(Stored dataset items)
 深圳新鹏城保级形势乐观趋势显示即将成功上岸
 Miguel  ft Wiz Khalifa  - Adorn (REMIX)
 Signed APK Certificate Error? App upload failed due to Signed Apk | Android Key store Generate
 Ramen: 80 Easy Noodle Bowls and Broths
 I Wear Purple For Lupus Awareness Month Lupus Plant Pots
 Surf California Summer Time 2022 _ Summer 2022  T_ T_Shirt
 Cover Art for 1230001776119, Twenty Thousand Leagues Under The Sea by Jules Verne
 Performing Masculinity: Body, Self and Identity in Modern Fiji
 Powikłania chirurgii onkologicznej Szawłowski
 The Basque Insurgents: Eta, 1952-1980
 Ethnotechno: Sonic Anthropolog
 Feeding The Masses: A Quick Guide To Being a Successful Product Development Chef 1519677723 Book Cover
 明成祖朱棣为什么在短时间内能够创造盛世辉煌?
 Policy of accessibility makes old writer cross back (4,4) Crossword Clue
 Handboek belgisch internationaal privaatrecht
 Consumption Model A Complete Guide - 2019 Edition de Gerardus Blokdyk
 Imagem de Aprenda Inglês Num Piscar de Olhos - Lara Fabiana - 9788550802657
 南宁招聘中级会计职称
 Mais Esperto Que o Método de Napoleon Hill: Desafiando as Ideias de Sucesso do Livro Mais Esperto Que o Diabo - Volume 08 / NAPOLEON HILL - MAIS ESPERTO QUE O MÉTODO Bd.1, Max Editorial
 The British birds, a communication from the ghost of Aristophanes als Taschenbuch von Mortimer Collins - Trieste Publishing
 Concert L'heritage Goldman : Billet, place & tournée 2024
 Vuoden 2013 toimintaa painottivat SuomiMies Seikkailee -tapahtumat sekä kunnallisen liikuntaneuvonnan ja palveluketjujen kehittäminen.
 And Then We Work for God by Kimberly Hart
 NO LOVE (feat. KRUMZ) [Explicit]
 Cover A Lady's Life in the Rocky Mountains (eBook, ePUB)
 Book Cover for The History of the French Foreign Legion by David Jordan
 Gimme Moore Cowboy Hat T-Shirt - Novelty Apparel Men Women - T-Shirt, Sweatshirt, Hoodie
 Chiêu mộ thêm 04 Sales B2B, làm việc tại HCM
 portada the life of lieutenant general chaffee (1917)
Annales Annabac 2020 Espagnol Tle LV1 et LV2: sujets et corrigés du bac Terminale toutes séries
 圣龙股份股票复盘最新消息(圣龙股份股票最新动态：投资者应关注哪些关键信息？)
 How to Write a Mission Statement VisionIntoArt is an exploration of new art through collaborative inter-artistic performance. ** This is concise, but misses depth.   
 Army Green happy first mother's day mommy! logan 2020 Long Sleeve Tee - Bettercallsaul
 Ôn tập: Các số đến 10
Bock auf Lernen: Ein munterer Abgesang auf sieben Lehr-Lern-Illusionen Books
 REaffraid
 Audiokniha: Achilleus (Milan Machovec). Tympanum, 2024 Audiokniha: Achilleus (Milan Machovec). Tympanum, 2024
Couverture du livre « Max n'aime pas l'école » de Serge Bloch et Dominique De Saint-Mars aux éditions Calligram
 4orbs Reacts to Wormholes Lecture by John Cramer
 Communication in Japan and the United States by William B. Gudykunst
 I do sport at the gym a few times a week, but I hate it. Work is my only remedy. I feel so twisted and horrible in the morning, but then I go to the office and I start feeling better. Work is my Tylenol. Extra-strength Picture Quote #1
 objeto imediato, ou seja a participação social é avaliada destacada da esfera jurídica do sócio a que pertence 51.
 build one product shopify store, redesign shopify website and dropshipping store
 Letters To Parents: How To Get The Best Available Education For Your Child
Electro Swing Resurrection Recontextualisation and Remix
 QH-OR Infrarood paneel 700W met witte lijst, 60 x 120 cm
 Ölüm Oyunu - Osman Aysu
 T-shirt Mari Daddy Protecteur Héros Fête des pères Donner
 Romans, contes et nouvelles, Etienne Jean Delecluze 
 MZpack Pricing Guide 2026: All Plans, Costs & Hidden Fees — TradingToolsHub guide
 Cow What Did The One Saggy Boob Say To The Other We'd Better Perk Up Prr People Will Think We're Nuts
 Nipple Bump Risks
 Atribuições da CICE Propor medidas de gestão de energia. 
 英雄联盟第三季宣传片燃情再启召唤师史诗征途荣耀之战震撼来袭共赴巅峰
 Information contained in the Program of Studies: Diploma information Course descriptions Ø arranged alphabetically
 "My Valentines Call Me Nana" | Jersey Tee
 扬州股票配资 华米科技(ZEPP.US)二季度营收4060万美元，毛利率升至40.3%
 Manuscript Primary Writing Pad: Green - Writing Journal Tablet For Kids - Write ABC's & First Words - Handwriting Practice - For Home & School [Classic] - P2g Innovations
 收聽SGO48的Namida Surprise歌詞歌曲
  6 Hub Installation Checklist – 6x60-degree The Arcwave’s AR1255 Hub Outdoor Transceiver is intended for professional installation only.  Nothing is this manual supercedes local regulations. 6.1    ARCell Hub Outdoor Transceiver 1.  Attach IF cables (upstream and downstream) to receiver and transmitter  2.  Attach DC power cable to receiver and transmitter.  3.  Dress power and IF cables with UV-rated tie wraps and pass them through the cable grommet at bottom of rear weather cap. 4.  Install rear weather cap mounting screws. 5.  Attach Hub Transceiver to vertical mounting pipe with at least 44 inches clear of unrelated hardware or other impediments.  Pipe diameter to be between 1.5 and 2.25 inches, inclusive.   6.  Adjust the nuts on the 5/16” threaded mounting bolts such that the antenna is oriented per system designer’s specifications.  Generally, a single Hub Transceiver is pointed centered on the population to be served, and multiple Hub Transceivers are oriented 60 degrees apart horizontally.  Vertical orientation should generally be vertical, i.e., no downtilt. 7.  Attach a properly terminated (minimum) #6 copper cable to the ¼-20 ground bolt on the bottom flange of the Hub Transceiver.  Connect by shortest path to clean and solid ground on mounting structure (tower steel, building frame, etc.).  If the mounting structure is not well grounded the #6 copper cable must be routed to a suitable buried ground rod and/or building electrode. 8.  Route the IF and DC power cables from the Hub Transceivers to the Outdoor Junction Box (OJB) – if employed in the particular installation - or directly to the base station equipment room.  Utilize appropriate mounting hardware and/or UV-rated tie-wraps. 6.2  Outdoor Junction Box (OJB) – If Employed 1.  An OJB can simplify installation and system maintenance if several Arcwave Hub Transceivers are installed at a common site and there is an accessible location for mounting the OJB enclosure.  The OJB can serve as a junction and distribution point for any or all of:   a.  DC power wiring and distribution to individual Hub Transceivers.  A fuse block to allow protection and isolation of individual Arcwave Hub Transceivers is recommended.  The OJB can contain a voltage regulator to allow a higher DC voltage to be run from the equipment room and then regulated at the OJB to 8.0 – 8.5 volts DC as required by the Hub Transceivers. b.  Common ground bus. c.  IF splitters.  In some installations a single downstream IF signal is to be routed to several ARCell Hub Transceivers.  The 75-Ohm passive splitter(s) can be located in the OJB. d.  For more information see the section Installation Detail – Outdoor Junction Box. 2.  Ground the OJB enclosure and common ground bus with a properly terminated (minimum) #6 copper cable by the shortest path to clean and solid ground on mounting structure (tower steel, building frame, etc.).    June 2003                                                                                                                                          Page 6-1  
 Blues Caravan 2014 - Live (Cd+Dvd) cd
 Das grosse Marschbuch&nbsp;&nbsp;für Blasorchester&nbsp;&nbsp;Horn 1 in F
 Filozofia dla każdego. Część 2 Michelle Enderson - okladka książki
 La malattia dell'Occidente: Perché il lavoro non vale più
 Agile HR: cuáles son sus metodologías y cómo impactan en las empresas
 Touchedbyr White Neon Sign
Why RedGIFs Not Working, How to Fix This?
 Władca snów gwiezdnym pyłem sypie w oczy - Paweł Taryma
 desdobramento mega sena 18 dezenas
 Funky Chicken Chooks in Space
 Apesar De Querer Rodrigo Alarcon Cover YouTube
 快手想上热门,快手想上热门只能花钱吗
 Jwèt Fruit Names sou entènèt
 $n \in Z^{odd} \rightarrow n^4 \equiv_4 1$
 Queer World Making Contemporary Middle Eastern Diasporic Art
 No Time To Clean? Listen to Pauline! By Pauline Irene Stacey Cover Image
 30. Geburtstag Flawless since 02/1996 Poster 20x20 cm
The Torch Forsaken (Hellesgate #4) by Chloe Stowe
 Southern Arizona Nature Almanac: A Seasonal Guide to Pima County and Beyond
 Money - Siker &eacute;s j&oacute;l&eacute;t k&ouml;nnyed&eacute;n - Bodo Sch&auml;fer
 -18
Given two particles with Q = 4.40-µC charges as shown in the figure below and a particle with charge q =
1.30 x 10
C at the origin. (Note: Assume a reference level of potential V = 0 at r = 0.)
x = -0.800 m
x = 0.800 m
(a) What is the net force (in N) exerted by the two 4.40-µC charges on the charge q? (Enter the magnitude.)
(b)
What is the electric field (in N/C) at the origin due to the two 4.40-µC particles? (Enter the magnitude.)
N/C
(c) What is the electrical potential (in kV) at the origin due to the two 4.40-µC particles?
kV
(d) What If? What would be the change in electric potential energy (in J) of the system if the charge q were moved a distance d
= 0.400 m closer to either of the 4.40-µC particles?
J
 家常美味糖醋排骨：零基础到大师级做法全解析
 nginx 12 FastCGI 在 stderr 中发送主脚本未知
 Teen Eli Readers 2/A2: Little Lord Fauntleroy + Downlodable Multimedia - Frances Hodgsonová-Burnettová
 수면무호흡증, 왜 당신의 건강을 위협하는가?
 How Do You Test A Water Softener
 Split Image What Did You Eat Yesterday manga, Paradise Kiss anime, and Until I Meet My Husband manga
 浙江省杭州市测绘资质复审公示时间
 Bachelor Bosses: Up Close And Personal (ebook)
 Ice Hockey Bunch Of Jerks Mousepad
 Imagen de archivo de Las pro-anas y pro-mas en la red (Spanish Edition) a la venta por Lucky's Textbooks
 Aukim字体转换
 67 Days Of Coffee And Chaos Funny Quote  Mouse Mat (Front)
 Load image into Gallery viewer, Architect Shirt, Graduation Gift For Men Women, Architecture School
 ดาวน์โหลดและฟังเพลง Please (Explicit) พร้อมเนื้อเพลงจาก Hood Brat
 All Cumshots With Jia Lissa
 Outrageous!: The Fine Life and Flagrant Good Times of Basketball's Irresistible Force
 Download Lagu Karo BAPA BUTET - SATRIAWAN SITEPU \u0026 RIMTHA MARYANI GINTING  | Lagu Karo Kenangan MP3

## What to produce
Every line from the data above that contains "Explicit" must appear in the answer.

## Answer below
 NO LOVE (feat. KRUMZ) [Explicit]
 ดาวน์โหลดและฟังเพลง Please (Explicit) พร้อมเนื้อเพลงจาก Hood Brat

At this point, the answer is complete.